__Work to be completed__.
You are to retype exactly the line with "1 Pedaço De" and every line after it in the entries below.

Excerpts from a dataset
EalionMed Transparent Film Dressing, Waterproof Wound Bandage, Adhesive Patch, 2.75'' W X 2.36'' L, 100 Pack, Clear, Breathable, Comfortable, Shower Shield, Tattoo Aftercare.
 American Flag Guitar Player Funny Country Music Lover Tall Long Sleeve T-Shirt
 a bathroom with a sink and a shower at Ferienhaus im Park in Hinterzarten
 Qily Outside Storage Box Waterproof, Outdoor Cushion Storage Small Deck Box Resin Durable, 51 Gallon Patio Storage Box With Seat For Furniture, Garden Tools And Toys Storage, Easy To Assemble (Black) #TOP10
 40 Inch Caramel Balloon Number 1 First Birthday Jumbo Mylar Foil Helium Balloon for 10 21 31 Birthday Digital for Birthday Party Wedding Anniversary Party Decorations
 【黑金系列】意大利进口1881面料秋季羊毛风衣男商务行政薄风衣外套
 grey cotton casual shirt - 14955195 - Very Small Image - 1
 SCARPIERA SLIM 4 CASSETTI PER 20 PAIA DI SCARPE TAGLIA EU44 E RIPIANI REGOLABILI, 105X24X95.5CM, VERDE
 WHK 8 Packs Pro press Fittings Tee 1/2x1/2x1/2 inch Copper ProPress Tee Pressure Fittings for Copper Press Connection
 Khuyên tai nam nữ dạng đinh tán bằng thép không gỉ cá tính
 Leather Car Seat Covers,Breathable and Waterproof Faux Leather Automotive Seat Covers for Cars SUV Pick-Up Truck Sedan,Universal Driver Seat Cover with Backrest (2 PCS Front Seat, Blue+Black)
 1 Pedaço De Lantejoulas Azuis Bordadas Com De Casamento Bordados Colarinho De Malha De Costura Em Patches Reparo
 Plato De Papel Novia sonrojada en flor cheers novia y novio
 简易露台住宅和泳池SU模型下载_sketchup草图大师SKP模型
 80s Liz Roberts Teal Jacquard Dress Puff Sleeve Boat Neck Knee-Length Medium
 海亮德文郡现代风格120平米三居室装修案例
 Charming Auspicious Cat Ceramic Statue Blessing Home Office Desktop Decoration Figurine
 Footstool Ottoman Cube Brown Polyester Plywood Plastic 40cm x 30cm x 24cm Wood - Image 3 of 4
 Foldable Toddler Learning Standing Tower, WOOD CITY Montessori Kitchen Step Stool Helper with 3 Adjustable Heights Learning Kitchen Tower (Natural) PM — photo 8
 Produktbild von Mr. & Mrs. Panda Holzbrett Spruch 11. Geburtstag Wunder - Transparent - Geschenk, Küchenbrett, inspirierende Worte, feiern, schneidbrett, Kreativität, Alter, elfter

__Solution for this problem__.
 1 Pedaço De Lantejoulas Azuis Bordadas Com De Casamento Bordados Colarinho De Malha De Costura Em Patches Reparo
 Plato De Papel Novia sonrojada en flor cheers novia y novio
 简易露台住宅和泳池SU模型下载_sketchup草图大师SKP模型
 80s Liz Roberts Teal Jacquard Dress Puff Sleeve Boat Neck Knee-Length Medium
 海亮德文郡现代风格120平米三居室装修案例
 Charming Auspicious Cat Ceramic Statue Blessing Home Office Desktop Decoration Figurine
 Footstool Ottoman Cube Brown Polyester Plywood Plastic 40cm x 30cm x 24cm Wood - Image 3 of 4
 Foldable Toddler Learning Standing Tower, WOOD CITY Montessori Kitchen Step Stool Helper with 3 Adjustable Heights Learning Kitchen Tower (Natural) PM — photo 8
 Produktbild von Mr. & Mrs. Panda Holzbrett Spruch 11. Geburtstag Wunder - Transparent - Geschenk, Küchenbrett, inspirierende Worte, feiern, schneidbrett, Kreativität, Alter, elfter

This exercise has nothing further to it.